Roti
4 servings
45 minutes
Roti is a traditional Indian flatbread that is an integral part of South Asian cuisine. Simple yet flavorful, it pairs well with spicy curries and vegetable dishes. Its delicate taste gains warmth from the addition of cumin, coriander, and turmeric. The flatbreads are cooked on a hot skillet with ghee, giving them a golden hue and a light crispy crust. Roti is perfect as a base for wrapping fillings or simply as an accompaniment to hot dishes. Historically, roti has been a symbol of home comfort and simplicity in preparation. With minimal ingredients and quick cooking time, they remain popular worldwide, delighting with their taste and versatility.

1
Mix flour with ground turmeric and coriander, add cumin, salt, pour in oil and water.
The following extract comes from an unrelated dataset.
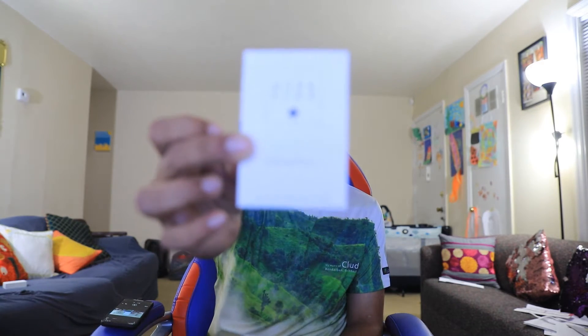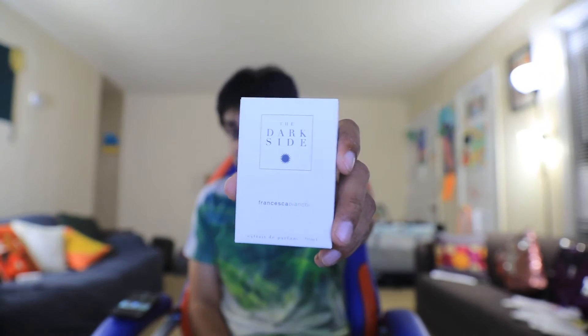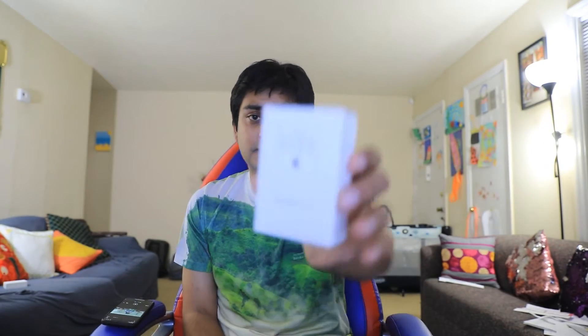Good morning everyone, Shufu here from Fragrance Beauty. Today I'm going to talk about another perfume — this time it's The Dark Side from the house of Francesca Bianchi. She is the perfumer and owner of this house, and this is a creation from 2016.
Knead the dough for 10 minutes, wrap in film, and refrigerate for 30 minutes.
- Wheat flour: 300 g
- Salt: 1 teaspoon
- Vegetable oil: 1 tablespoon
- Water: 180 ml
- Ground coriander: 1 teaspoon
- Turmeric: 0.5 teaspoon
- Cumin seeds: 2 teaspoons
2
Divide the dough into 16 pieces, rolling each piece into a flatbread with a diameter of 16 cm.
3
Put 1 teaspoon of melted butter in a heated pan, spread it across the pan, then place the flatbread, frying one side for 1 minute, then the other.